Early studies pointed to a positive role for HuR in cytokine control, in general agreement with the observed defect in cytokine expression signatures and the IL-2 production phenotype in HuR KO Jurkat cells ( and ). However, the regulatory mechanism in Jurkat and 293 cells is a surprise that is inconsistent with some of the previous data: HuR does not appreciably regulate the 3′ UTRs of CSF2, IFNG, IL-2, IL-3, IL-13, and TNF mRNAs in 293 cells, and the major IL-2 and TNF cytokine mRNAs in Jurkats. Previously, HuR was shown to bind AU-rich sequences in TNF, CSF2 and IL-3 UTRs [Citation38Citation43,Citation45,Citation58] and HuR immunoprecipitation was shown to enrich IL-2, IL-13, INFg, and TNF mRNA from lysates relative to IgG controls [Citation8,Citation35,Citation44,Citation59,Citation60]. Together with reporter data demonstrating that overexpression of HuR causes stabilization of TNF, IL-13, and CSF2 UTR fragment or IL-3 whole mRNA reporters [Citation43,Citation44,Citation46,Citation47], these observations generated a prevailing model that HuR regulates mRNA stability through the 3′ UTR. HuR has also been shown to bind and/or stabilize several other mRNAs [Citation28,Citation61Citation64]. It should be noted that the majority of the earlier studies necessarily used overexpression as a means of modulating HuR levels, and its effect on 3′ UTR reporter assays may be more difficult to interpret than a knockout state. Nevertheless, HuR knockdown in a fibrosarcoma line caused reduction of IL-3 UTR reporter levels, and decreased half-lives of the reporter mRNA [Citation65]. HuR KD in Jurkat cells prevented activation-induced stabilization of INFg mRNA and decreased IL-13 mRNA half-life, although it is not established whether it occurred directly through the 3′ UTR [Citation45,Citation66].

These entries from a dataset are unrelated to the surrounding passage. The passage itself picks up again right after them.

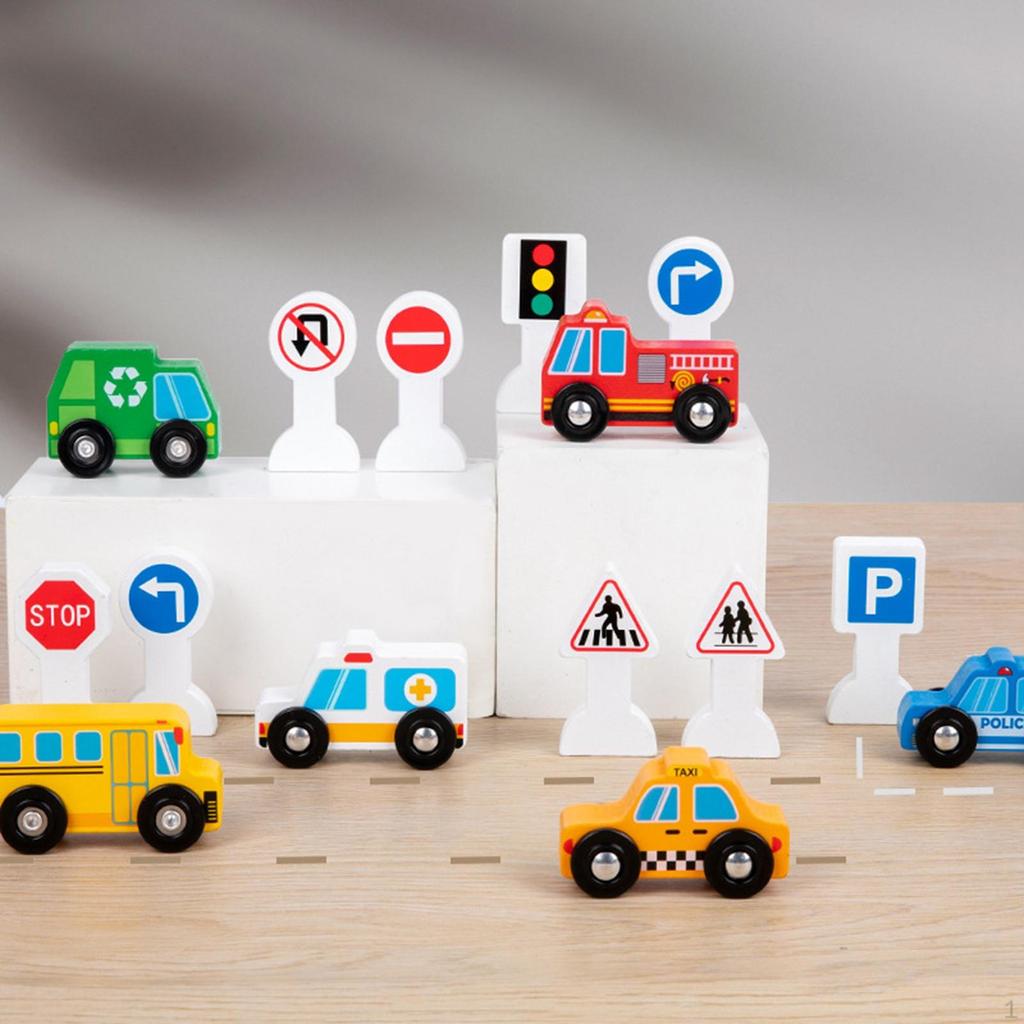 Car Set Wooden Street Signs Playset, Educational Toy, Vehicles and Traffic for Kids Children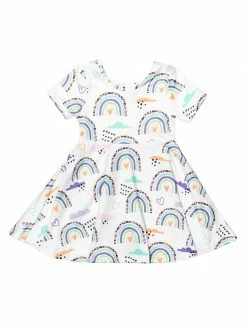 Sydney So Sweet Be A Rainbow In The Clouds Short Sleeve Girls Skater Dress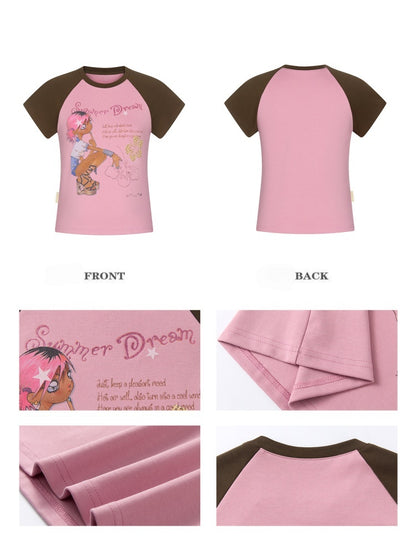 Pink-Brown Raglan Sleeve Color-Block Short-Sleeve T-Shirt【s0000017343】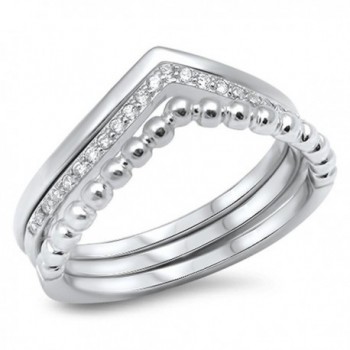 Chevron Set White CZ Stackable Thumb Ring .925 Sterling Silver Band Sizes 5-10 - C312GTVORNL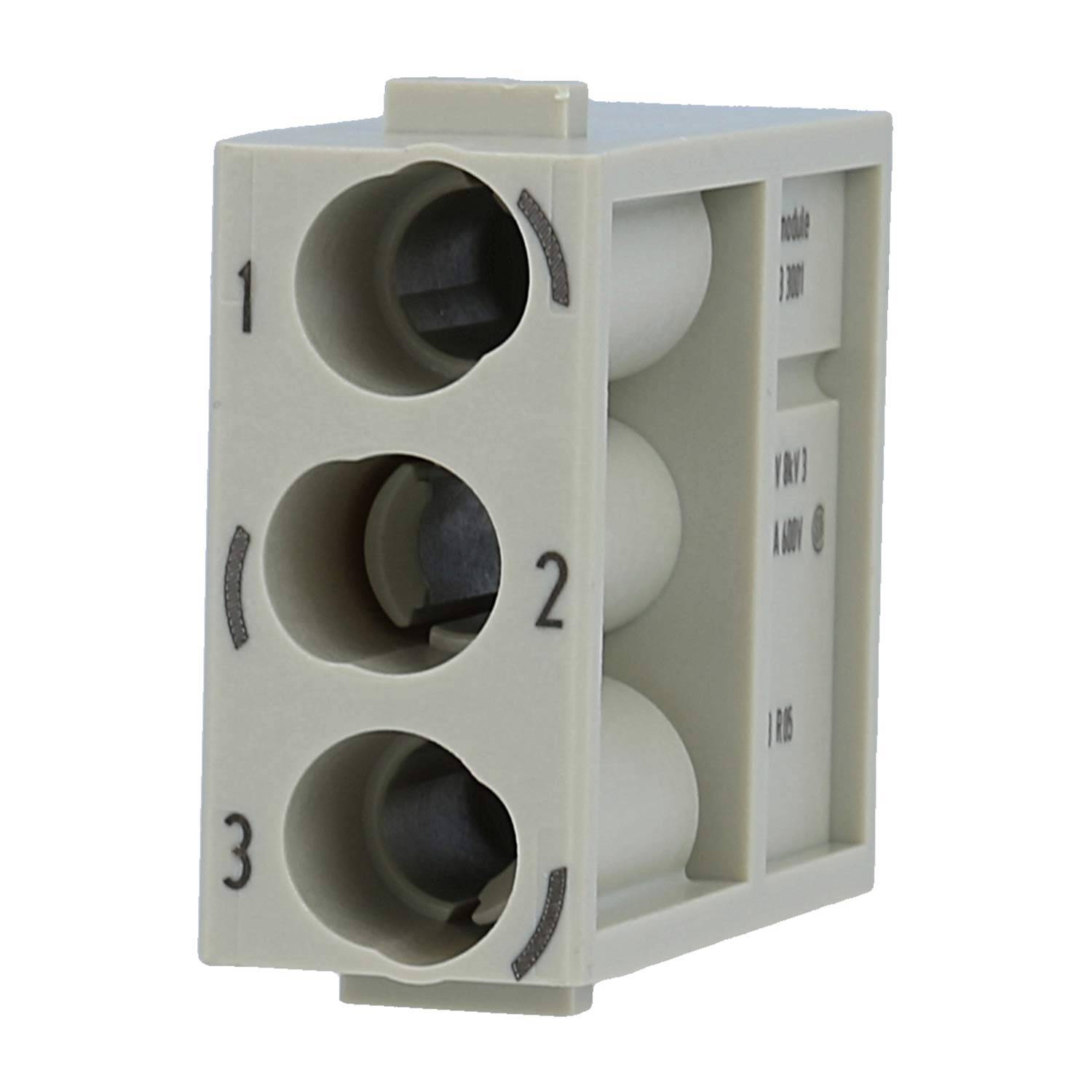 HARTING Han C Modul Stifteinsatz (M) Crimpanschluss, 3-polig 690V, 40A - 1 Stück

However, other experimental evidence suggests that HuR does not substantially regulate certain cytokine 3′ UTRs. For example, overexpression of HuR did not stabilize CSF2 and IL-3 ARE reporters, while a fos ARE reporter was stabilized [Citation67]. Knockdown of HuR in Jurkat cells produced a very mild (1.2 fold) destabilizing effect on a IL-3 UTR reporter [Citation58], likely insufficient to explain the drastic decrease in its mRNA levels seen in the HuR KO. Studies with IL-2 showed that HuR overexpression failed to stabilize GFP-IL-2 reporter half-life, and HuR did not bind to IL-2 mRNA affinity resin [Citation68]. HuR also didn’t bind IL-2 UTR fragments efficiently [Citation39]. An additional report found that HuR binds the IL-2 3′ UTR, but this binding event does not impact IL-2 mRNA stability [Citation37]. Finally, a transcriptome-wide method to detect HuR-associated mRNAs in Jurkat cells identified no enrichment for cytokine gene categories, and showed strong depletion for IL-2 and IL-3 mRNAs (although some binding of CSF2 and TNF), and none of the above cytokine mRNAs were enriched in a RIP-seq study in activated T cells [Citation34,Citation35]. It should be noted that HuR-bound transcripts as a group do show slower decay rates upon activation [Citation36]. However, when the role of HuR in controlling the cytokine UTRs was directly assessed by comparison of UTR reporter activities in two stable and tractable WT vs HuR KO cell systems in this study (), no regulation was observed. Thus, HuR does not always lead to direct stabilization of transcripts containing ARE elements, and other mechanisms should be investigated. Some of the above discrepancies likely stem from the differences in the interrogated cell types.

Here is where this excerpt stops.